• _What you are asked to do_
Drop the pictures and extract exactly the lines from the one that contains "Xiaomi Poco F7" through the end of the material.

——

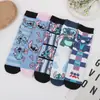 Calcetines Estilo Coreano Dibujo Stitch Nuevos Ins Primavera y Otoño Caña Corta Calcetines para Chicas Estudiantes Calcetines de Barco Lindos Calcetines de Algodón Lindos para Mujer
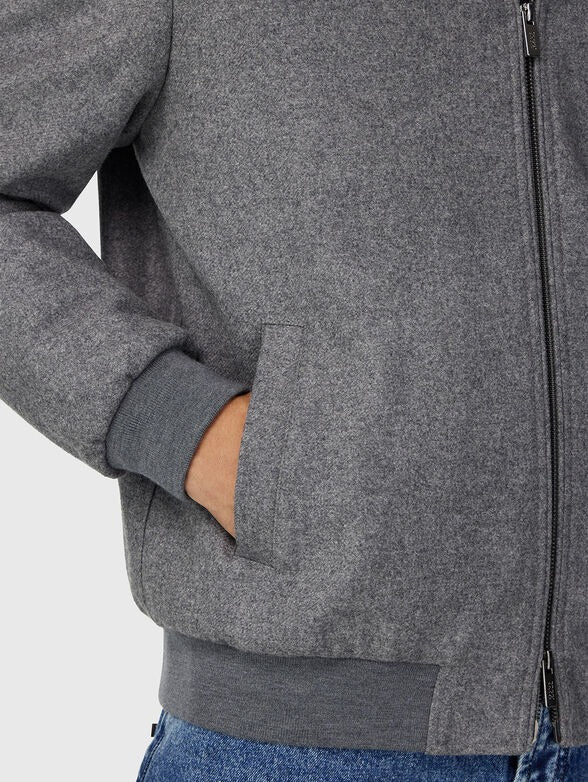 Chaqueta Bomber Gris B.M.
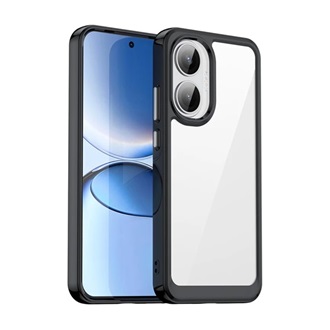 Xiaomi Poco F7 GIGAPACK Szilikon telefonvédő ütésállóság, átlátszó hátlap, FEKETE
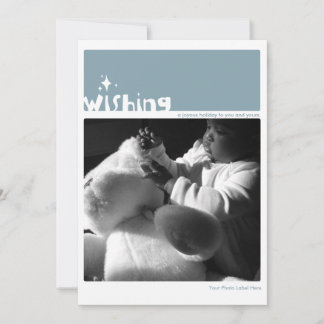 De Festividades Desejando o cartão com envelope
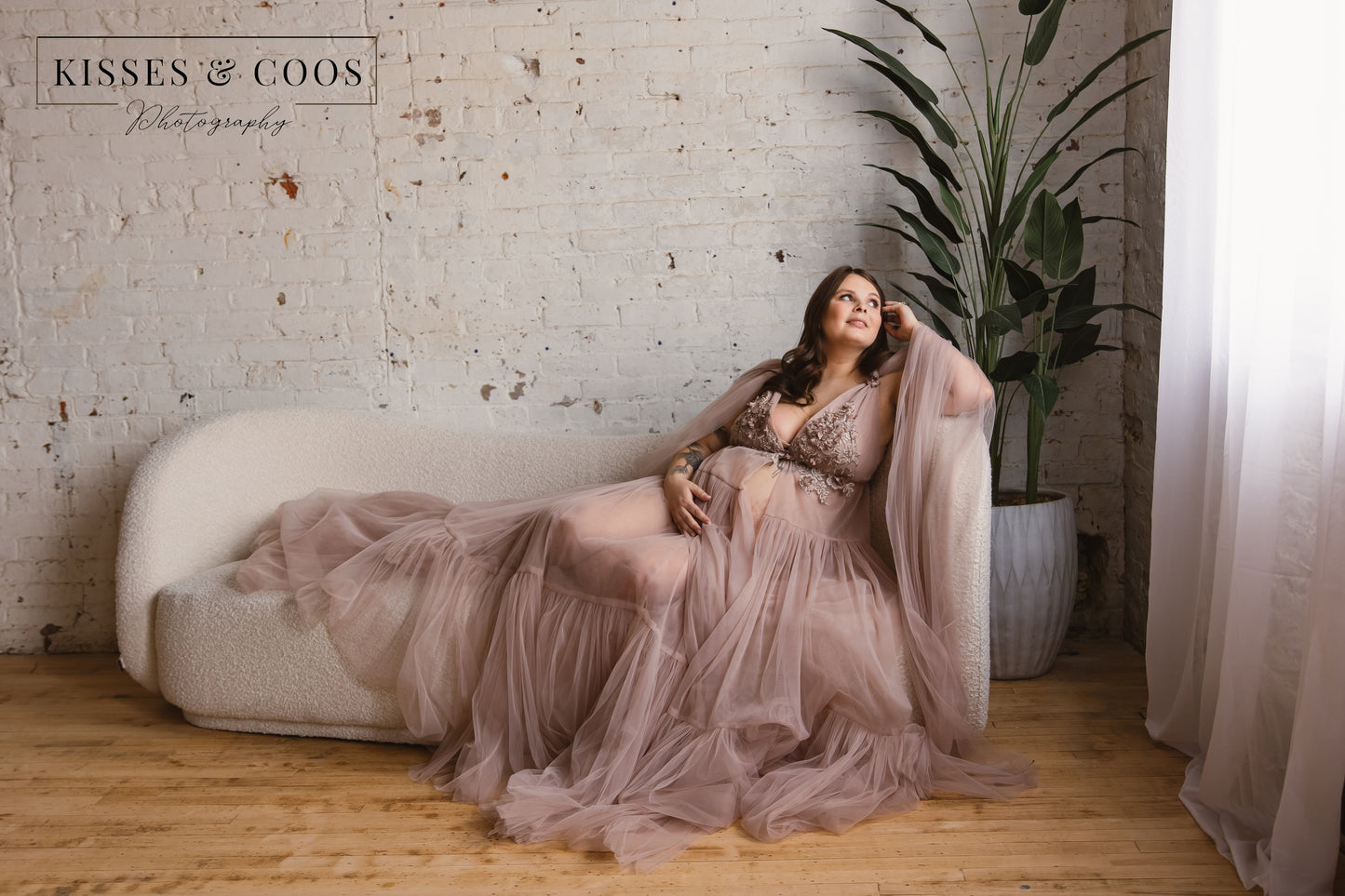 Cappuccino Wisteria Gown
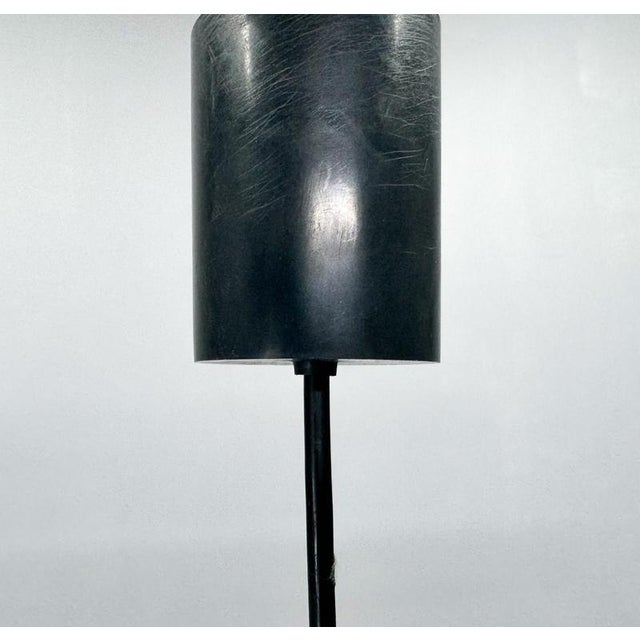 Small Vintage Pressed Glass Pendant Light, Former Czechoslovakia, 1970s For Sale - Image 9 of 11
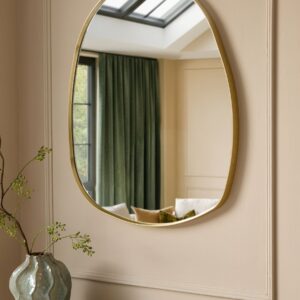 Channing gold pebble wall mirror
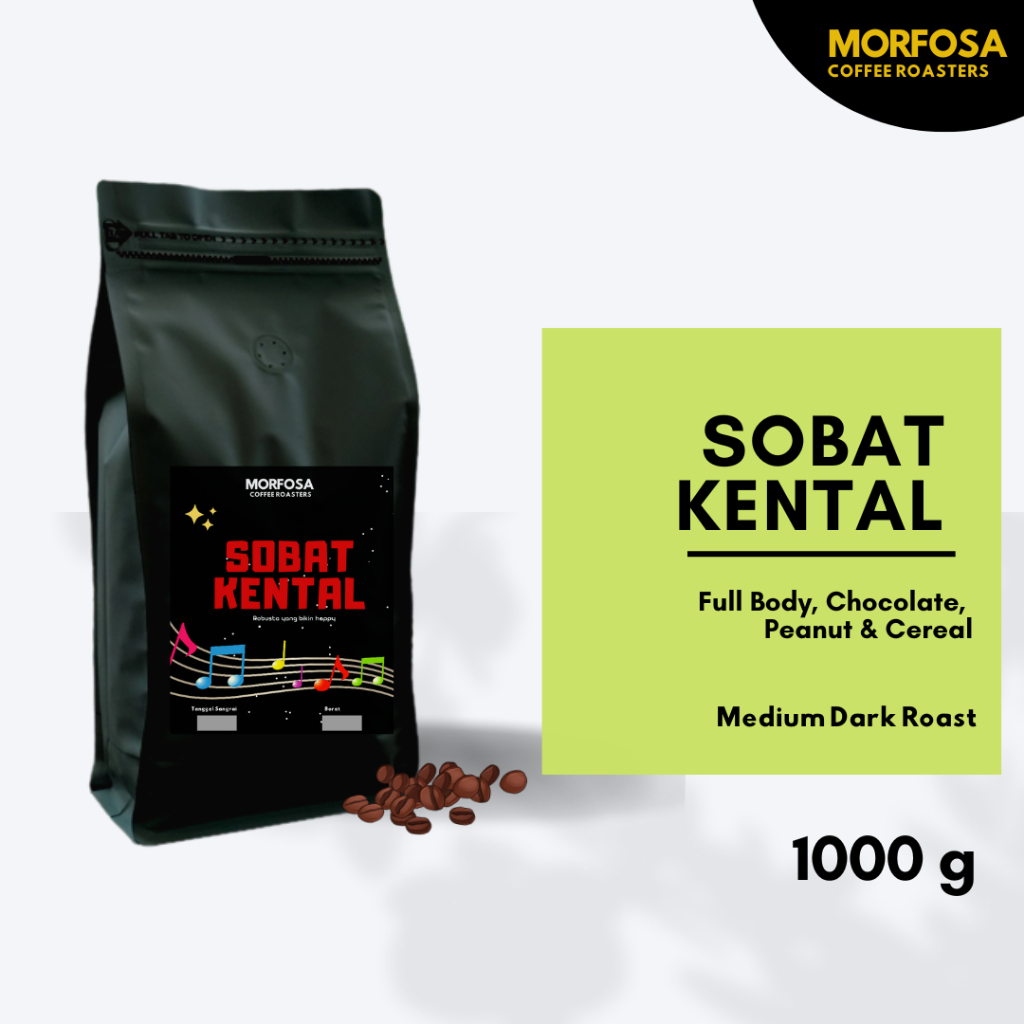 

MORFOSA COFFEE Biji Kopi Bubuk Robusta Sobat Kental Coffee Powder 1Kg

——

• _Exercise response_
 Xiaomi Poco F7 GIGAPACK Szilikon telefonvédő ütésállóság, átlátszó hátlap, FEKETE
 De Festividades Desejando o cartão com envelope
 Cappuccino Wisteria Gown
 Small Vintage Pressed Glass Pendant Light, Former Czechoslovakia, 1970s For Sale - Image 9 of 11
 Channing gold pebble wall mirror

MORFOSA COFFEE Biji Kopi Bubuk Robusta Sobat Kental Coffee Powder 1Kg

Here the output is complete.